• [^] # L’accompagnement au changement

    Posté par (site web personnel, Mastodon) . En réponse à la dépêche La communauté GNOME remplace ses listes de discussion par Discourse. Évalué à 6.

    Comme beaucoup de projets d’évolution d’outils, un des points les plus importants, c’est l’accompagnement au changement – avec le recueil des besoins1 des utilisateurs.

    Par exemple, j’ai organisé pas mal de migrations d’outils structurants dans la façon de travailler (Eclipse -> IntelliJ, SVN -> Git + Merge Request, etc).
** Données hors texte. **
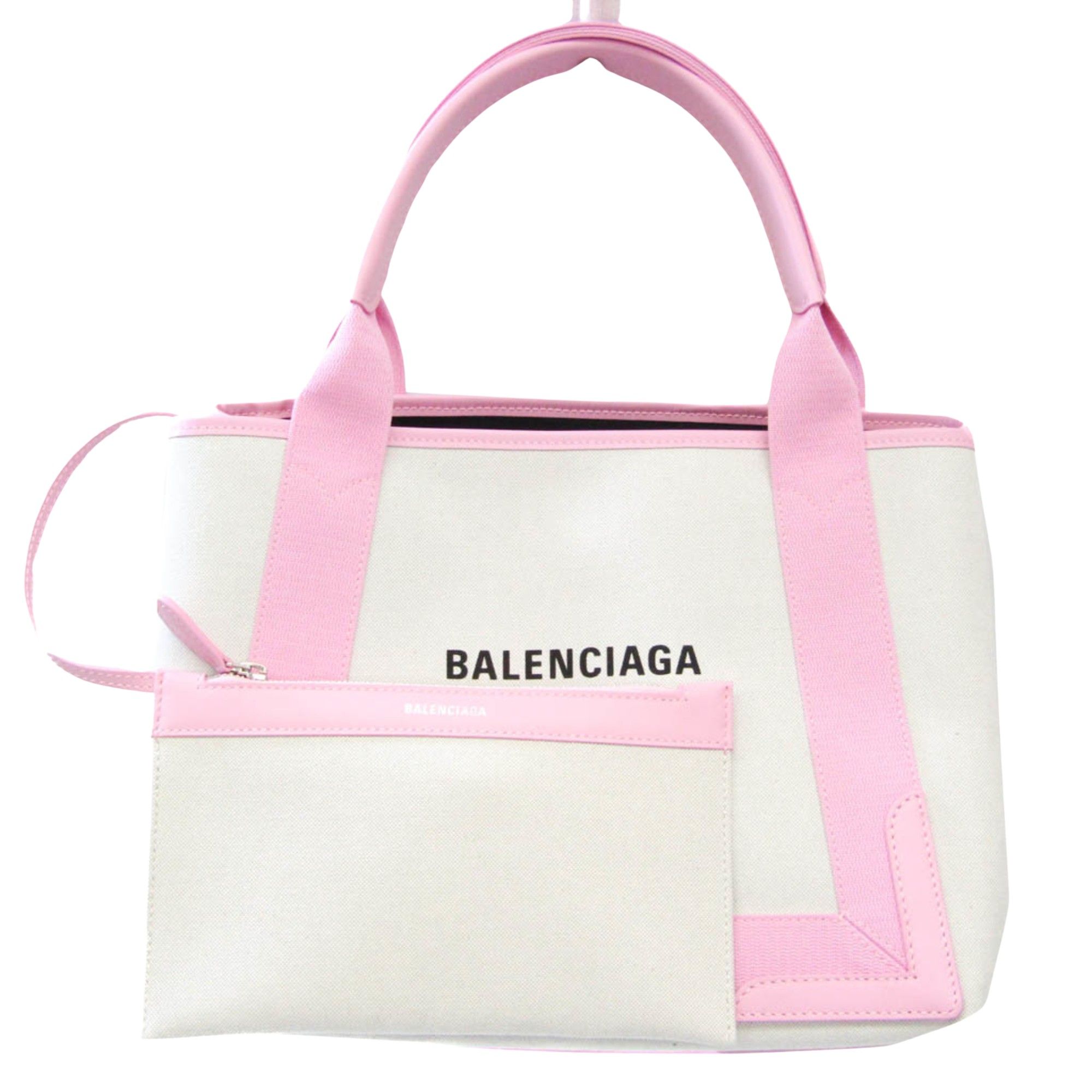 Sac rose clearance balenciaga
À chaque fois au moins une personne m’a opposé que cette migration ne de devrait pas être faite parce que « un tel changement serait extrêmement difficile à faire passer car complètement incompatible avec les usages de la majorité des développeurs (incompatible est encore trop faible comme mot d'ailleurs, on peut même parler de destruction d'outil de travail) ».

    Eh bien, la migration s’est toujours bien passée, et les plus râleurs ne reviendraient en arrière pour rien au monde.

    Évidemment, réussir une migration de ce type n’est ni facile ni immédiat. Il y a une longue phase de recueil des besoins, de préparation de la migration, d’explications en amont pour que les personnes concernées puissent s’approprier le projet, d’explication des attendus, d’indication de ce qui sera plus pratique, plus efficace, plus agréable et aussi plus difficile à faire2 et plus complexe. Ensuite il y la bascule proprement dite, et le soutien aux équipes tant que le nouvel outil n’est pas maitrisé – sans jugement ni pression excessive.

    Mais, en un mot comme en cent : un usage ou un flux de travail, ça se modifie très bien. Le fait qu’il y ait un usage en place, un outil ou une organisation de travail particulière, ça n’est en rien un argument valable à lui seul pour interdire une modification. C’est un argument parmi d’autres dans une procédure de décision de changement, mais certainement pas le seul.


    1. On parle bien besoins et pas envies des utilisateurs. Le classique, c’est l’utilisateur qui va faire des pieds et des mains pour exiger que rien ne change parce qu’il n’a pas envie de changer sa façon de faire, alors qu’il pourrait être beaucoup productif et de façon beaucoup plus confortable avec un nouvel outil. Un autre classique, c’est les demandes de gadgets. Il y a aussi toute cette catégorie d’irritants dont les gens n’ont même pas conscience et qu’ils ne peuvent donc pas verbaliser, parce que le problème est tellement intégré qu’ils ne savent pas qu’on peut faire différemment.

    2. Note : ça peut être une bonne chose que quelque chose devienne plus difficile à faire. Comme « pousser du code qui ne compile pas sur le HEAD » par exemple.